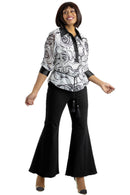 Sharz B. London Women Pant Suit SBL8122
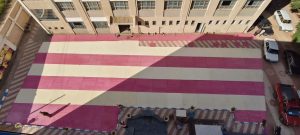 بتكلفة 12 مليون جنيه.. مدرسة جديدة تدخل الخدمة في أسيوط 5 IMG 5391 مدرسة جديدة تدخل الخدمة في أسيوط بتكلفة 12 مليون جنيه.. مدرسة جديدة تدخل الخدمة في أسيوط موقع في الجامعة
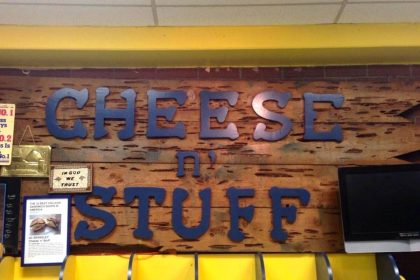 Cheese n’ Stuff Changes Owners in Berkeley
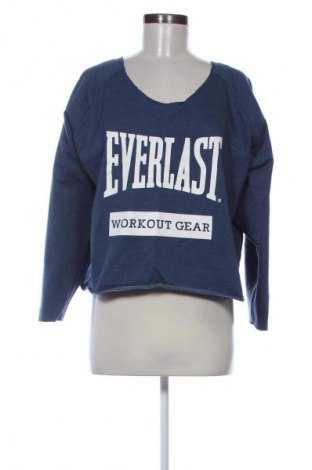 Dámská halenka Everlast, Velikost S, Barva Modrá, Cena  69,00 Kč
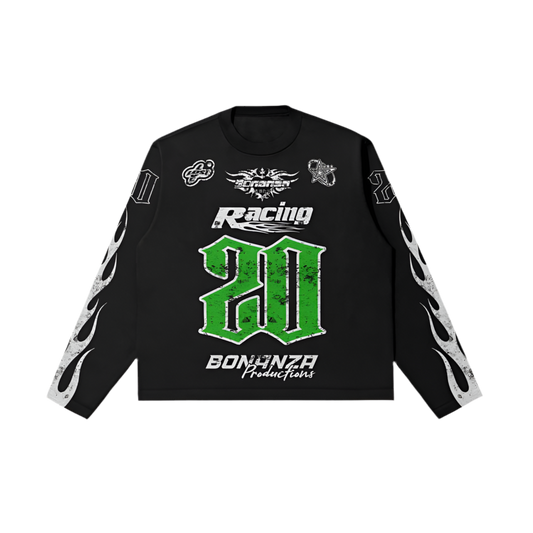 Bonanza Motocross Jersey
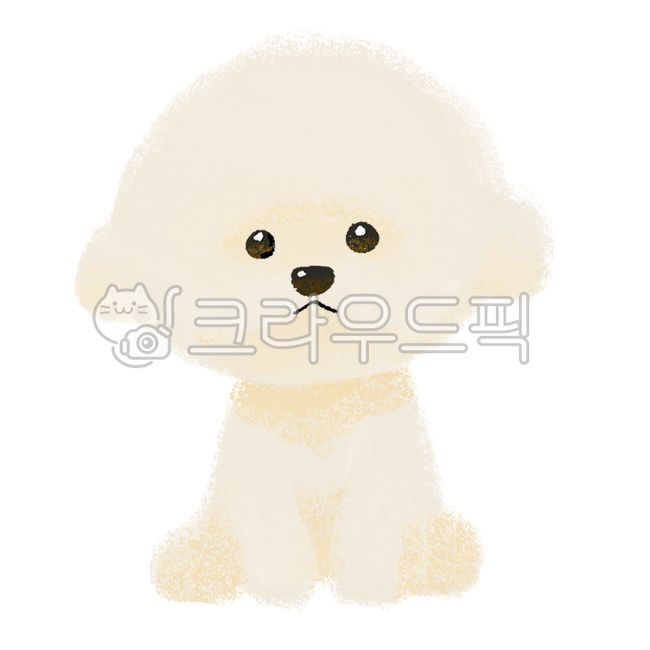 강아지,비숑,비숑프리제,개,멍멍이,강아지그림,동물,포유류,dog,animal,bichon,bichonprise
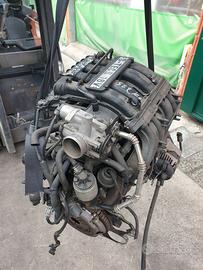 Motore x Chevrolet Kalos - 1.2 b - B12D1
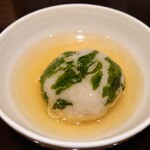 肉料理ふくなが -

++++++++

The result should be a transcript of the lines from the line containing "بتكلفة 12 مليون جنيه.. مدرسة جديدة تدخل الخدمة في أسيوط 5" through the end of the listing above, exact, inclusive, and without pictures.

 بتكلفة 12 مليون جنيه.. مدرسة جديدة تدخل الخدمة في أسيوط 5 IMG 5391 مدرسة جديدة تدخل الخدمة في أسيوط بتكلفة 12 مليون جنيه.. مدرسة جديدة تدخل الخدمة في أسيوط موقع في الجامعة
 Cheese n’ Stuff Changes Owners in Berkeley
 Dámská halenka Everlast, Velikost S, Barva Modrá, Cena  69,00 Kč
 Bonanza Motocross Jersey
 강아지,비숑,비숑프리제,개,멍멍이,강아지그림,동물,포유류,dog,animal,bichon,bichonprise
 Motore x Chevrolet Kalos - 1.2 b - B12D1
 肉料理ふくなが -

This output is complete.